It came after the company saw expected contract renewal volume declines in the US. However, CEO Owen Killian said this dip was in line with expectations.
The company posted total sales for the three months to the end of October of €962.3m ($1.02bn), with underlying revenue down 1.2%.
The Swiss Irish food firm said its European operations saw a “solid volume performance” of 1.8%, but revenues dipped 1.4% to €436.3m ($464.6m), due to currency volatility and the €150m ($156m) investment in additional bakery capacity at its manufacturing site in Germany.

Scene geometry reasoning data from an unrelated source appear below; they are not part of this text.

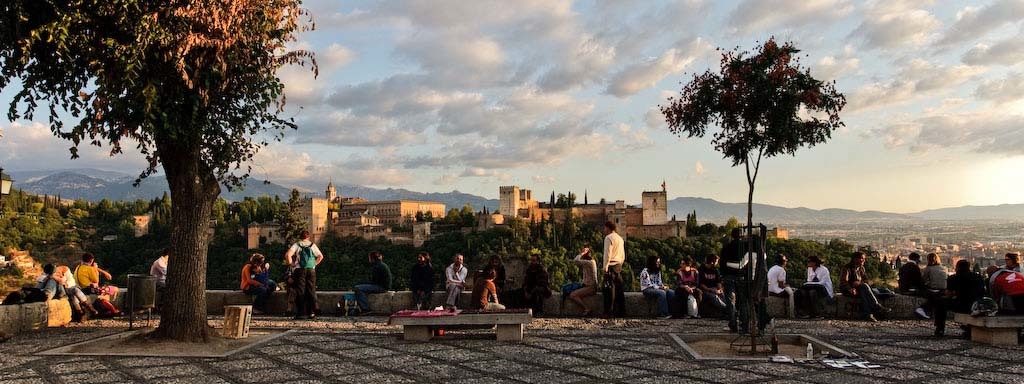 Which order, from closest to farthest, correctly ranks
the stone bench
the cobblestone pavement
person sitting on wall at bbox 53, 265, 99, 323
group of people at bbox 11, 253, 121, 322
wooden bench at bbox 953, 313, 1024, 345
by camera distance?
the cobblestone pavement
wooden bench at bbox 953, 313, 1024, 345
the stone bench
group of people at bbox 11, 253, 121, 322
person sitting on wall at bbox 53, 265, 99, 323

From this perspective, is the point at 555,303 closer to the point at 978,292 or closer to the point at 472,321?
the point at 472,321

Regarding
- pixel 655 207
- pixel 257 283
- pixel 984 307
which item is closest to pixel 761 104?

Its North American revenues were also down by 7.5% to €462.5m ($492.4m), attributed mainly to the drop of long term contract renewals with a small number of key customers in the US.
Conversely, good performance was felt in the Rest of the World markets, which jumped by 21.1% to €63.5m ($67.5m).
According to Killian, Aryzta remains focused on “unlocking the underlying revenue development of its assets and demonstrating its strong cash generating capacity.”
It expects financial costs for 2017, including hybrids, to be between €80-€95m ($85-$100m).
The reduction in total group debt funding costs will provide earnings per share (EPS) support for the upcoming financial year.
Aryzta specialises in baked goods and owns the Cuisine De France and Otis Spunkmeyer brands, among others. The Zurich-based company reported a €3.82bn ($4.06bn) revenue in 2015, down from €4.8bn ($5.1bn) in 2014.